Walter Mondale was talking directly to these progressives when he said, “I would rather lose an election about decency than win one about self-interest.” Indeed, today’s dainty progressives, who demand purity in their candidates, have all but written honest self-interest out of the political debate. The jobs and special-favors programs they do endorse come wrapped as civil-rights crusades or “family policies.” These cause-of-the-month-club groupies have enough power in the Democratic primary system to crush any populist candidacy of the Kuttnerian stripe—unless such a candidate can successfully disguise his populism by exuding communitarian gush.

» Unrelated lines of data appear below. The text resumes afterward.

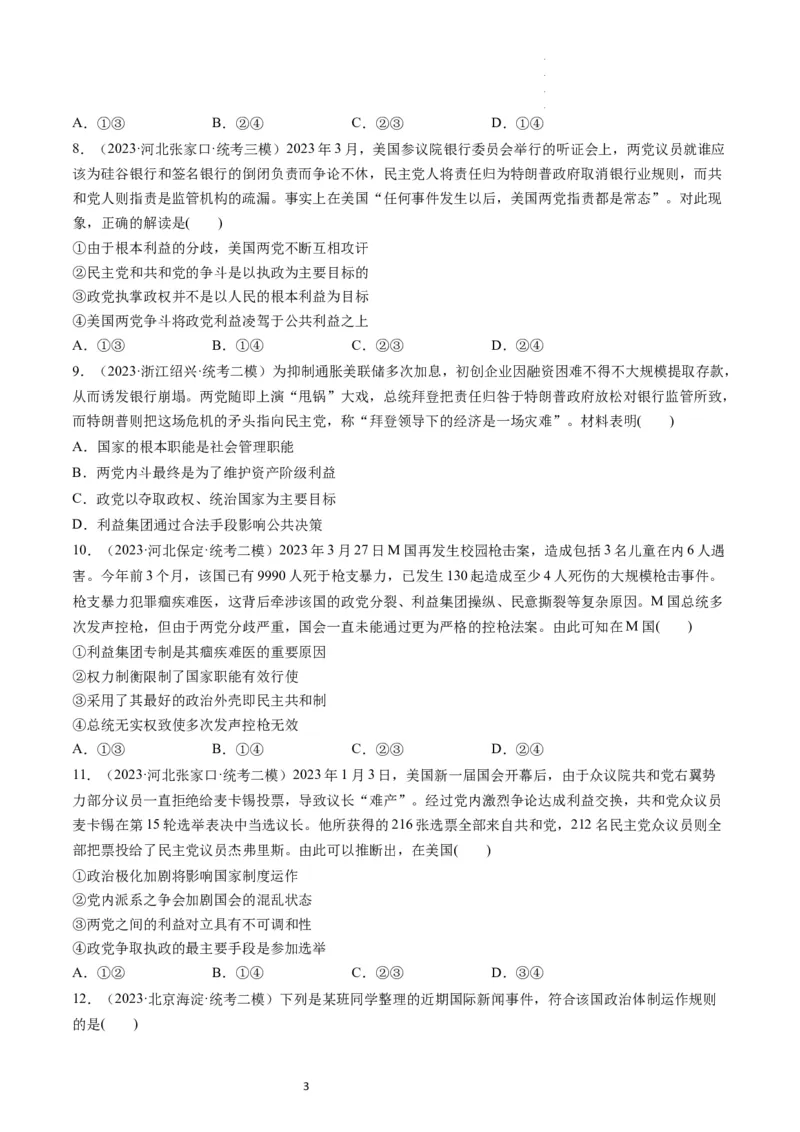 第01课国体与政体（练习）（原卷版）_新高考复习资料_2024年新高考资料_一轮复习资料_完2024年高考政治一轮复习讲练测（课件+讲义+练习）（新教材新高考）_选择性必修1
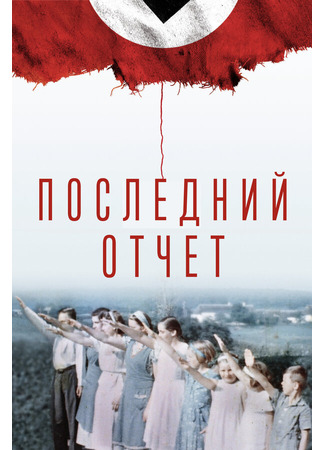 Последний отчет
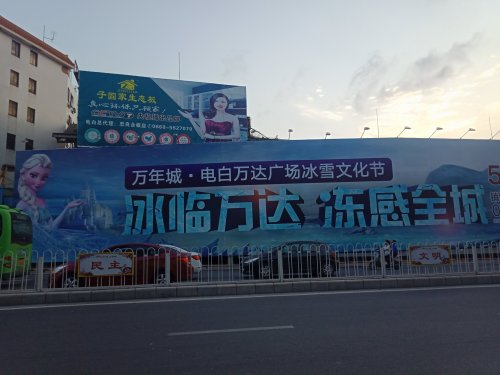 IMG20190426183604.jpg
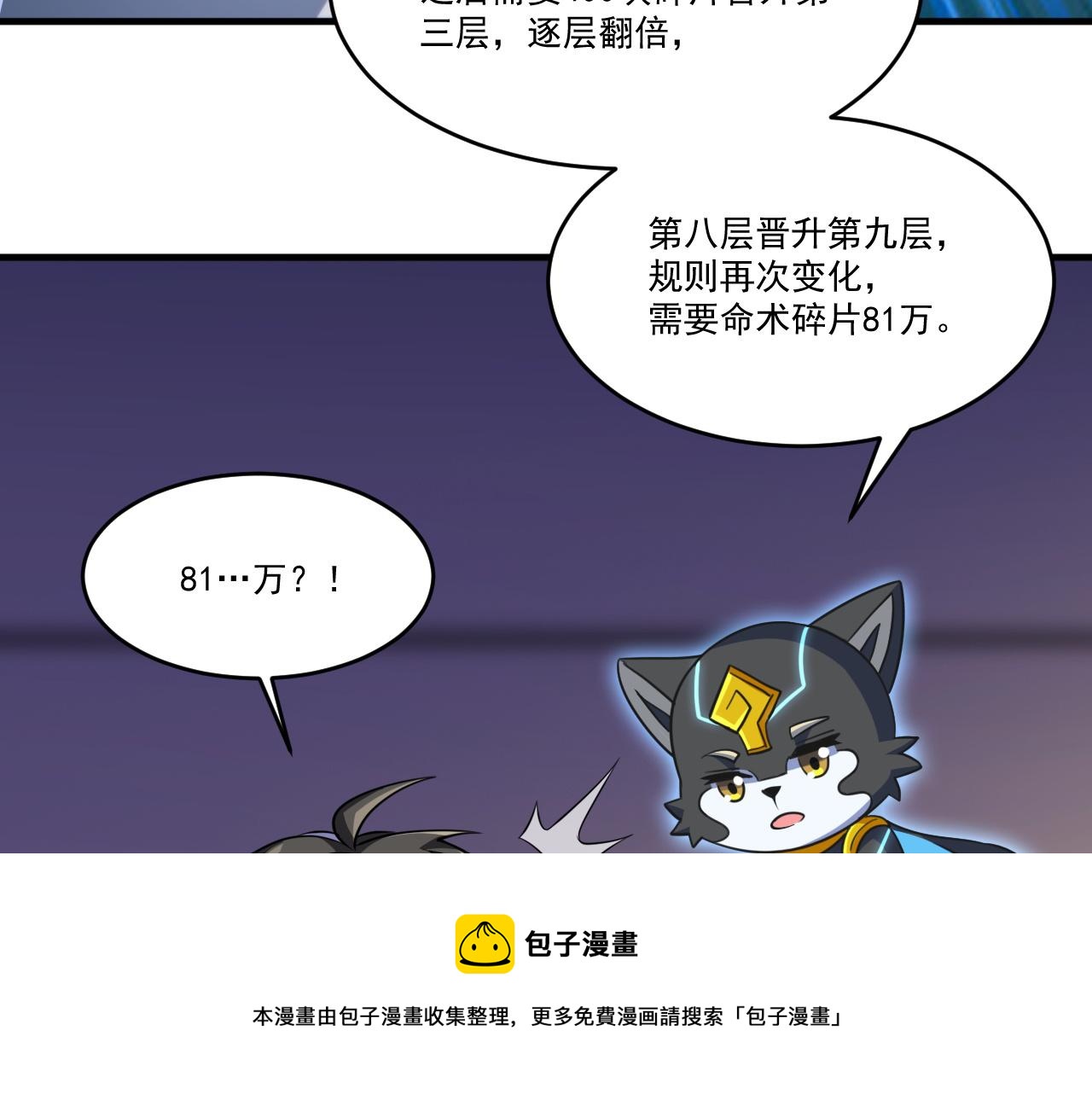 第48话 命术卡牌28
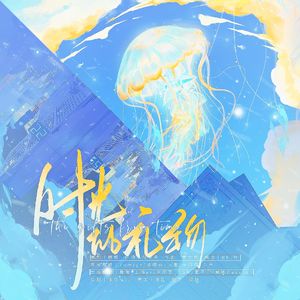 时光的礼物【帅哥组】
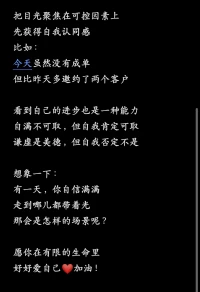 如何找回自信配圖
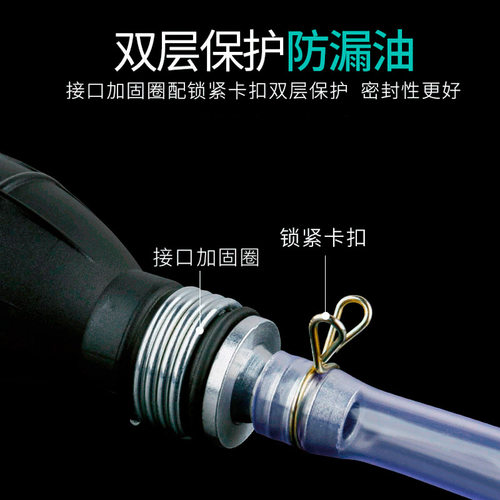 新款 汽车抽油管车用手动抽油应急油管抽油泵吸油器便携式吸油管 - 图1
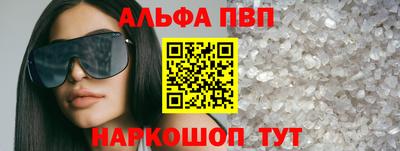 мяу мяу мука Мариинск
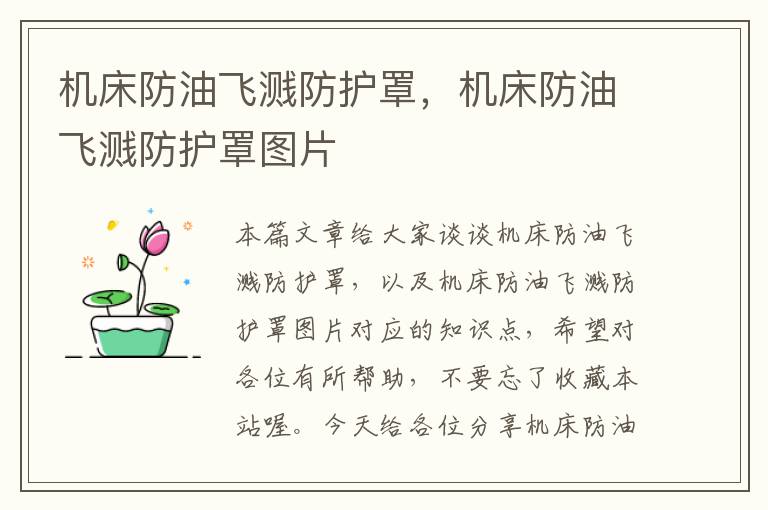 机床防油飞溅防护罩,机床防油飞溅防护罩图片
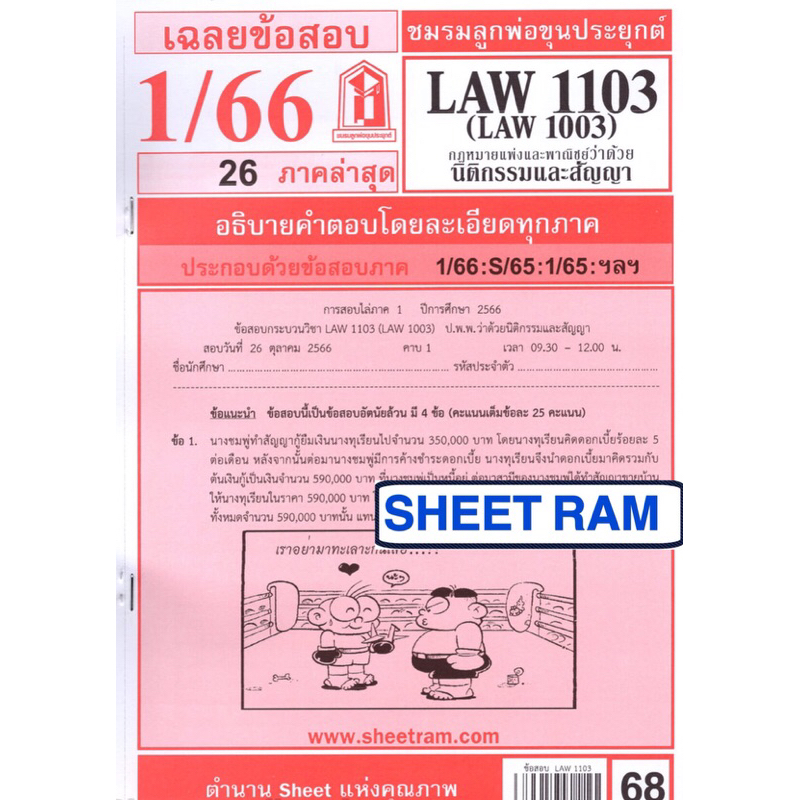 ชีทราม เฉลยข้อสอบ LAW1103  (LAW1003/LA103) กฎหมายแพ่งและพาณิชย์ว่าด้วย นิติกรรมและสัญญา
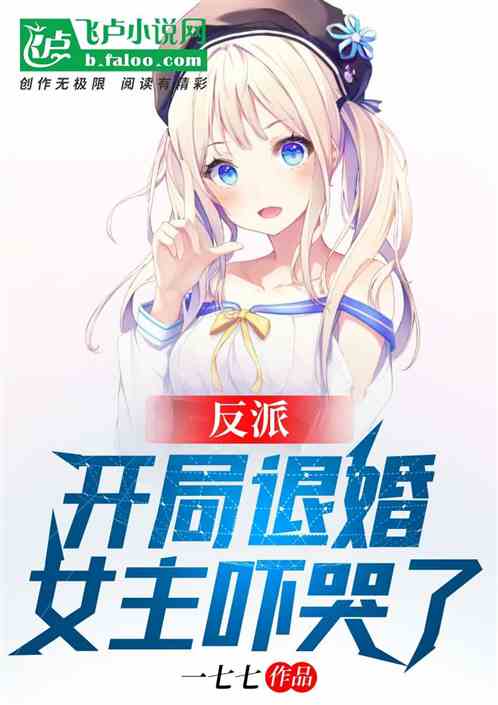 At The Beginning Of The Novel, The Heroine Begged The Retired Villain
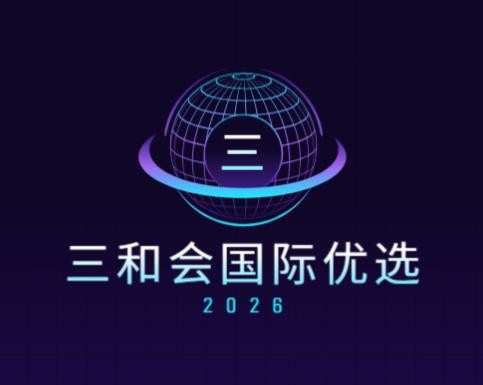 三和会国际优选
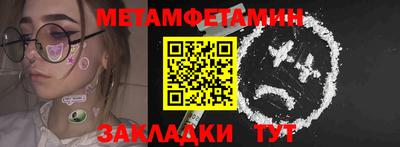 Альфа ПВП Тара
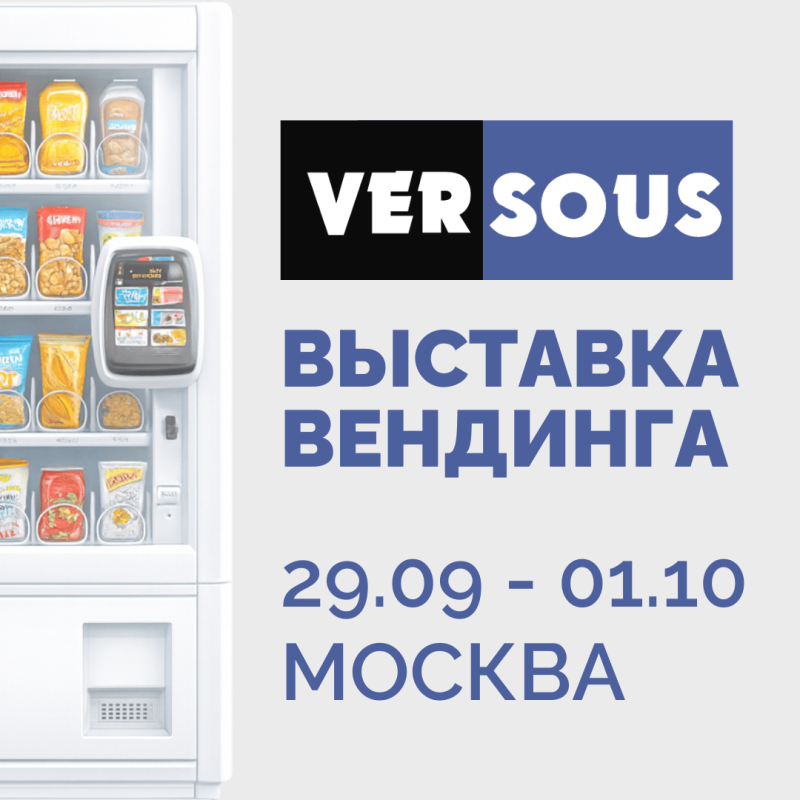 VerSous 2026. Выставка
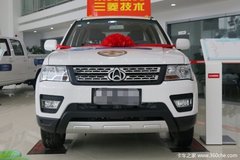 ���۴��� ��������F30Ƥ���Ż�0.1��Ԫ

As it happens, this year there is such a candidate: Paul Simon. Just as the Roosevelt personality appealed to both elite progressives (with some misgivings) and aggrieved populists, Paul Simon is well constructed to capture votes from Cambridge to Carson City. The author of twelve books, with a bit of an unpolished, Adlai Stevenson graininess about him, Simon embraces a platform of out-and-out redistributionism: an $11-billion program for full employment, defense cuts, taxes on the rich—all adding up to a balanced budget. Most importantly, Simon believes that this wish list—which anybody from Michael Dukakis rightward would call disastrous for the nation—is actually in the national interest. His positions are opportunistic, but he is sincere about them, and sincerity is to the progressives what preparedness is to the Boy Scouts.

Simon’s problem, however, and Kuttner’s too, is that his conception of populism is still class-based and therefore obsolete. Real incomes have increased by about 200 percent since the New Deal; today’s populists are likely to have college degrees. In fact, the most visible populists in America are business leaders and Republican conservatives like T. Boone Pickens and H. Ross Perot, who have railed against big business and liberal cultural values in equally resonant terms. Even among Democrats, the most truly populist-sounding figure is Lee Iacocca. Class antagonism, once the base of populist discontent, has largely disappeared from American life, as is demonstrated in numerous polls by Roper and the National Opinion Research Center.

Nor is redistribution any longer the heart of a populist economic policy, although Kuttner and Simon still cling to the notion. The populism of the 1980’s, which cuts across economic lines, is fueled mostly by grievances about the internationalization of the U.S. economy. When a Wall Street Journal reporter asked Jesse Jackson what was his worst mistake in politics, the answer was: “Failure to study the internationalization of the economy and its damaging effects on all sectors of society, not only blacks.” If you ask many a Democratic politician what he is going to do to help the nation adapt to the internationalized economy, his response will be, “I’m against it.”

Thus we are back to protectionism. The trade measures now being proposed by Democrats would be a first step toward building a Great Wall around the American economy; restrictions on the flow of capital would be another. An electoral campaign informed by this new economic isolationism, and drawing on reserves of nativism, xenophobia, and anti-Asian racism, might indeed appeal to populist constituencies across the nation, and it might indeed be good for the prospects of the Democratic party. It would also be ugly in the extreme, the sort of spectacle only a George Washington Plunkitt would enjoy.